The accuracy ceiling for this task is bounded by the review architecture, not the model. Eight of nine models fall within an 11-point F1 band (0.76–0.87), consistent with the plateau observed in the prior 11-model benchmark [5]. The architecture reads each document once, builds a structured understanding, and evaluates that understanding against the responsiveness criteria with an escalation mechanism for uncertain cases. Once this structure is in place, more capable (and more expensive) models have limited additional signal to contribute.

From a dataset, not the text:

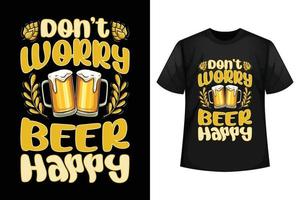 mach dir keine sorgen, bier glücklich - bier t-shirt design vorlage. vektor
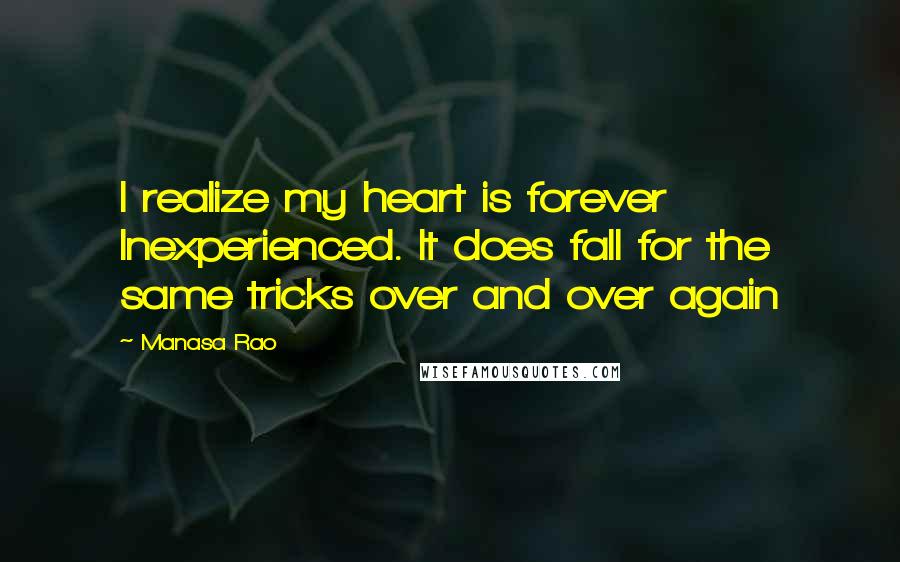 Manasa Rao Quotes: I realize my heart is forever Inexperienced. It does fall for the same tricks over and over again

One model — claude-sonnet-4-6 — falls outside the plateau due to extreme recall bias (recall = 96.3%, FPR = 43.8%, F1 = 0.612). This failure mode is qualitatively distinct from the main cluster. Practitioners should evaluate whether the recall gain justifies the precision cost in the context of their specific review economics.
For legal teams, the implication is concrete: high-recall responsiveness review at under two cents per document is achievable today using emerging frontier models. Model selection within that cost range meaningfully affects both accuracy and economics. The path to better results runs through review architecture and model selection, not through higher model spend.
Methodology questions or to request a technical walk-through: ravi@decoverhq.com · calendly.com/ravi-decover/sales-demo
Because precision is richness-dependent, Table 7 projects the precision that would be observed at richness levels from 7% to 30%, holding each model’s observed recall and FPR constant.
| Model | FPR | 7% | 15% | 20% | 27% (obs.) | 30% |
|---|---|---|---|---|---|---|
| Qwen 3.6 Plus | 4.1% | 63% | 76% | 81% | 88% | 90% |
| MiniMax M3 | 5.5% | 53% | 68% | 75% | 85% | 87% |
| DeepSeek V4 Pro | 6.8% | 47% | 63% | 70% | 82% | 84% |
| claude-opus-4-8 | 5.5% | 49% | 64% | 71% | 83% | 85% |
| claude-sonnet-4-6 | 43.8% | 14% | 24% | 31% | 45% | 49% |
| Formula: Precision = (Recall × R) / (Recall × R + FPR × (1 − R)), where R = richness. Recall held at observed value for each model. | ||||||
claude-sonnet-4-6’s projected precision at 7% richness (14%) is particularly stark: on a sparse corpus, the model would flag approximately 6 not-responsive documents for every 1 responsive document it identifies.
Suggested citation. Ravi Tandon, Aditya, and Akshay, Model Selection for AI-Assisted Responsiveness Review: A Controlled Nine-Model Cost-Accuracy Benchmark, Decover Research Working Paper 2026-02 (June 2026).
Note. This is a working paper made available for discussion and comment. It has not been peer reviewed. Single run — indicative, not audited.
Disclaimer. This working paper is provided for informational purposes only and does not constitute legal advice.